Not only do the comments put in by the autogenerator explicitly state
that the intention of the low-level stuff are *gratuitious styling
tweaks*, and not only are there syntax errors in the code (for example,
incorrect comment syntax), but the code deliberately sends any kind
of portability to hell by assuming that, if some formatter declares
groff compatibility by implementing .de1, it also uses one specific
version of the groff man(7) macros, so we can happily go ahead and
use non-public macros (.set-an-margin) and non-public registers.
Obviously, this is likely to break with the next release of groff.

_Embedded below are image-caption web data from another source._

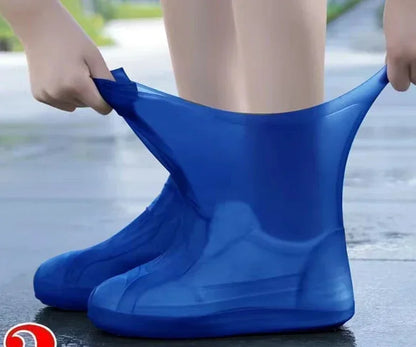 Waterproof Shoe Covers Reusable Rain Overshoes for Adults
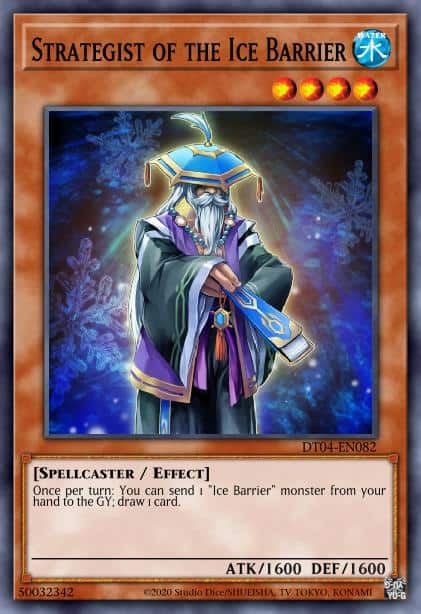 Strategist of the Ice Barrier - (Structure Freezing Chains) - (SDFC-EN012) - (Common)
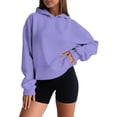 thumbnail image 1 of 2025 Robe Chandail à Capuche Décontractée pour Femmes Douce Confortable Chandail Molletonné Tunique à Capuche pour Femmes Chandail à Capuchon pour Usage Quotidien Basique Tenue d'Intérieur Léger Polyvalent, 1 of 6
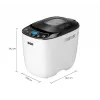 Unold 68010 máquina de pan 550 W negro, blanco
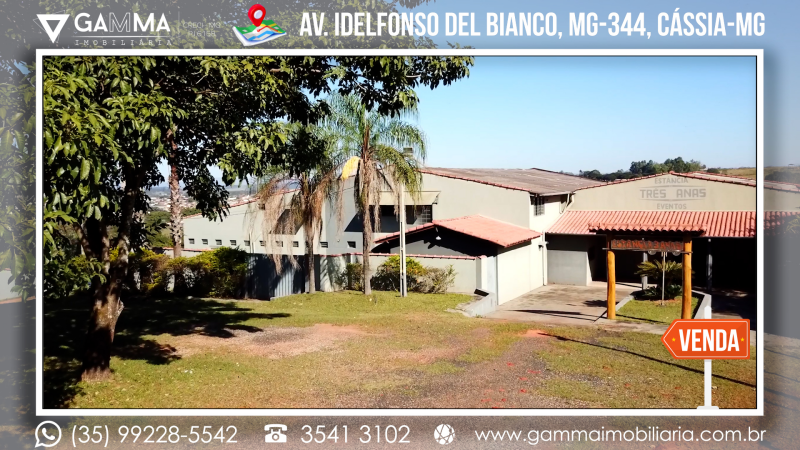 ESTÂNCIA TRÊS ANAS, DEZ HECTARES COM EXCEPCIONAL SALÃO DE FESTAS EM CÁSSIA-MG.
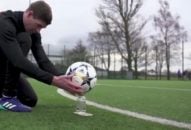 چالش شوت زنی استیون جرارد با شیشه آب!!!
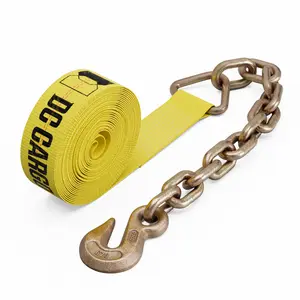 2 inch Winch Strap with Chain Extension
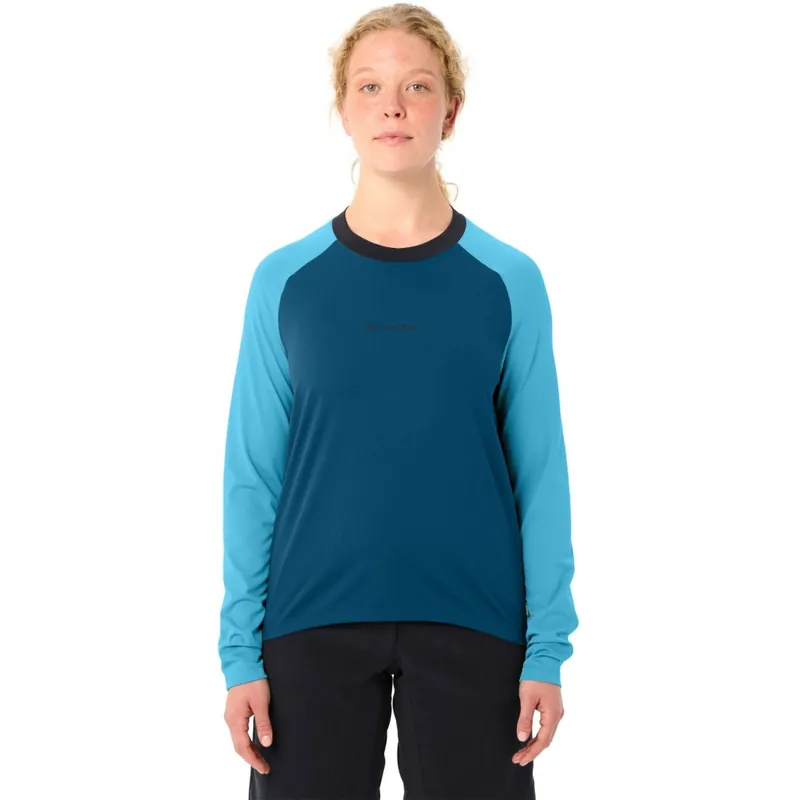 Vaude Loamer Langarmshirt Damen - shore blue Neue Ware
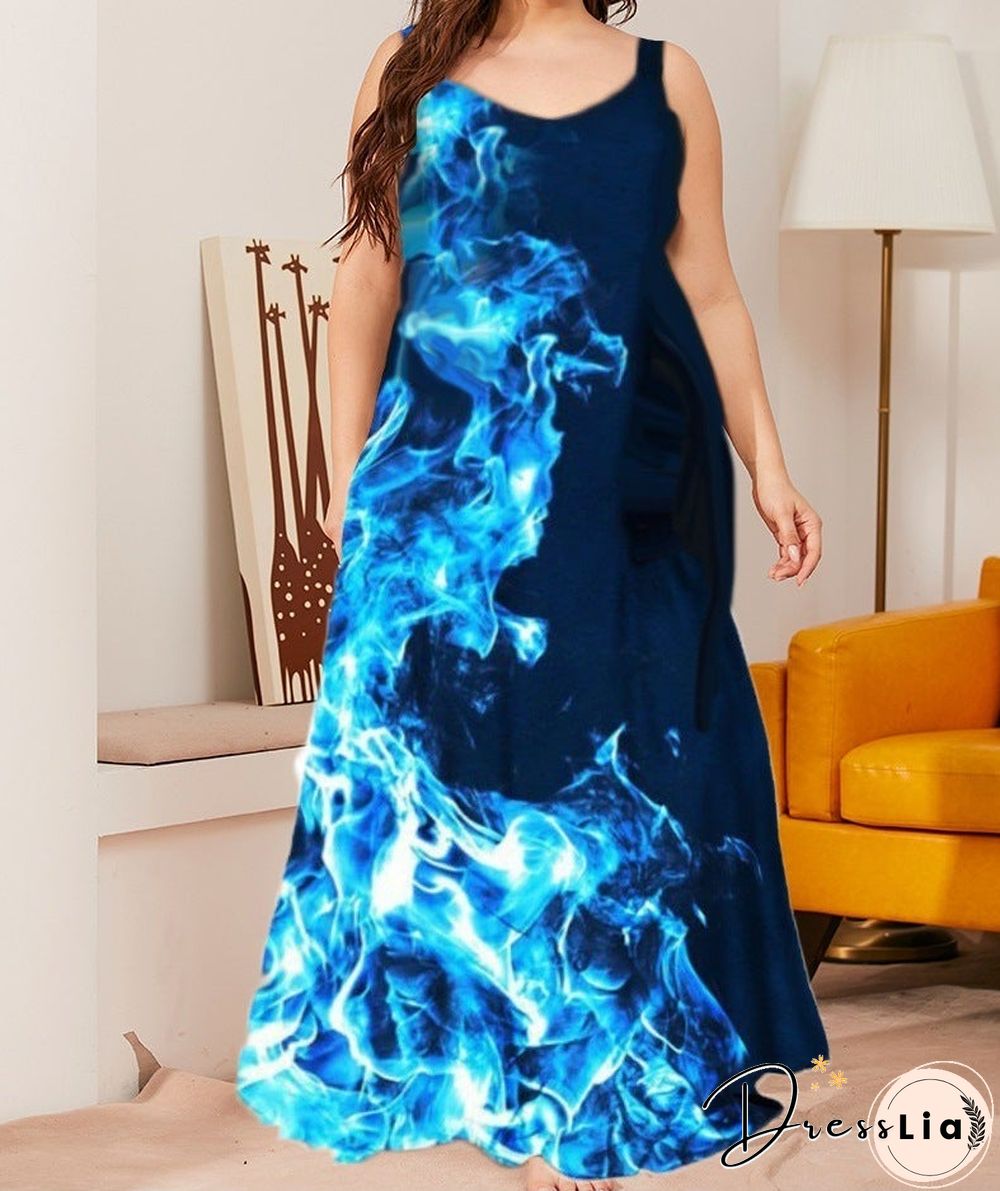 Tie Dyed Printed Loose Dress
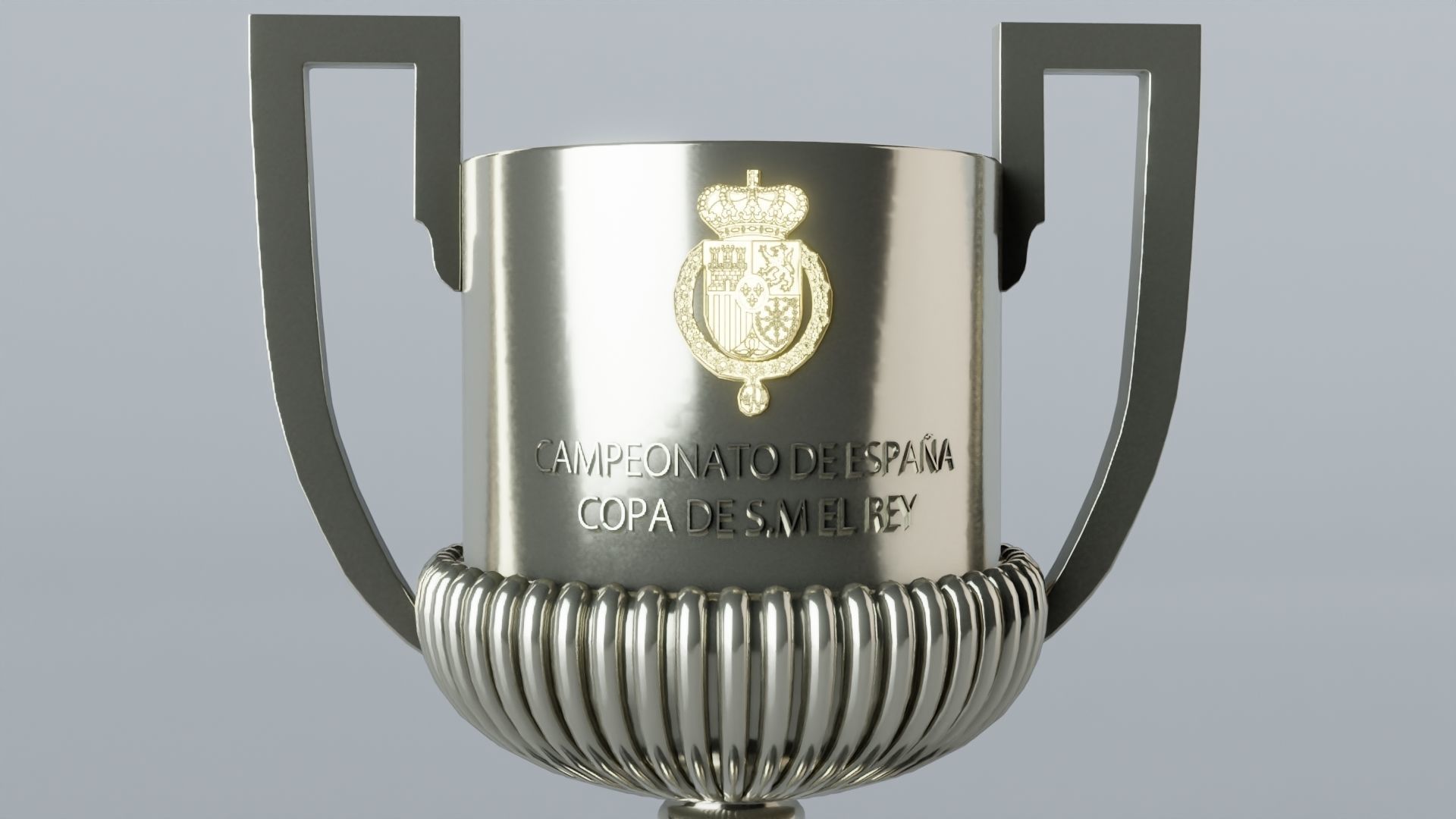 Copa Del Rey Espana Low-poly 3D model_2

Still regarding (b), here is a stinking gem from the Tcl manuals.
Instead of using .TP or .Bl -tag or some other high-level macro,
their tools choose to define their own tabbing:

  .\"     # define tabbing values for .AP
  .de AS
  .nr )A 10n
  .if !"\\$1"" .nr )A \\w'\\$1'u+3n
  .nr )B \\n()Au+15n
  .if !"\\$2"" .nr )B \\w'\\$2'u+\\n()Au+3n
  .nr )C \\n()Bu+\\w'(in/out)'u+2n
  .\"     # Start an argument description
  .de AP
  .ta \\n()Au \\n()Bu

In its full glory, the definition of .AP is about three times
the length of .AS.  Needless to say that such stuff breaks
horribly when run through nroff.  Even with the latest version
of groff, that is.

> or a consumer of man pages who values presentation rather than the
> ability to look at man pages on small phone screens (one of the cited
> advantages of using html).

So, my point is that while the theoretical possibility of hindering
high-quality typesetting of manuals does exist, that problem hardly
occurs in practice, while crappy code breaking even plain terminal
output is everyday business.  The poor consumer, as a rule, will
have no idea what is going on and rather throw their hands up in
dismay than ask for the finer points of typography.

That said, maybe i would still like to preserve the option to write
really good stuff, involving careful use of .ie t ... .el, which is
harder than it sounds.  Even though it hardly ever happens in practice.

> This seems to be the difference between Ingo and Eric's approach.

It's not the only difference.  Maybe the other one is even more
important:  Eric thinks that man(7) stands a chance to become
the semantic manual markup language of the future (even though
traditional man(7) contained almost no semantic macros whatsoever
and even though man-ext adoption, so far, is negligible), while
i think that it would be best for the future of man(7) to
deprecate man-ext and maintain it as a purely backward-compat
tool to render legacy manuals.

> Ingo is correct in saying we should be trying to win hearts and minds
> of man page authors to use macros which include semantic information,
> but Eric says we must stop any man pages which include presentation
> markup which Doclifter specifically can't handle, from being
> displayable by groff.  The choice then is either those naughty man
> pages get re-written, or they die since neither groff, Doclifter nor
> mdoc can display them.  Either way, Doclifter can then claim to be
> 100% compatible with all man pages which it is possible to display.

Ouch, that's somewhat distorted.  Eric has already won quite a few
hearts to avoid abuse of low-level hacks that hinder semantic
analysis (and believe me, such hacks are typically not typographical
masterpieces, but instead they usually hinder portability and
sometimes clean terminal rendering just as much as semantic analysis).
Eric doesn't want to deprecate the worst low-level hacks because
Doclifter is deficient, but because *no* program will be able to
make head or tail of such stuff.  And the pages will not need to
be rewritten, only patched.  Usually, such patches are rather small.
And the goal isn't to let Doclifter look like a hero, but to have
manuals that allow all of the following: (1) clean rendering to the
terminal  (2) produce fine typography with troff  (3) portability
and (4) allowing semantic analysis.  Other tools will profit *more*
than Doclifter because they contain less artificial intelligence.

It is clear that restricting abuse of low-level hacks in manuals
would help to improve the average formatting quality of manuals
across *all* output media, and that it would be much harder to
archieve as much without any enforcement.  I'm not completely
sure it should be done, it feels a bit strange, as i said, a bit
like a technical solution to a social problem, but the suggestion
is clearly neither absurd nor selfish.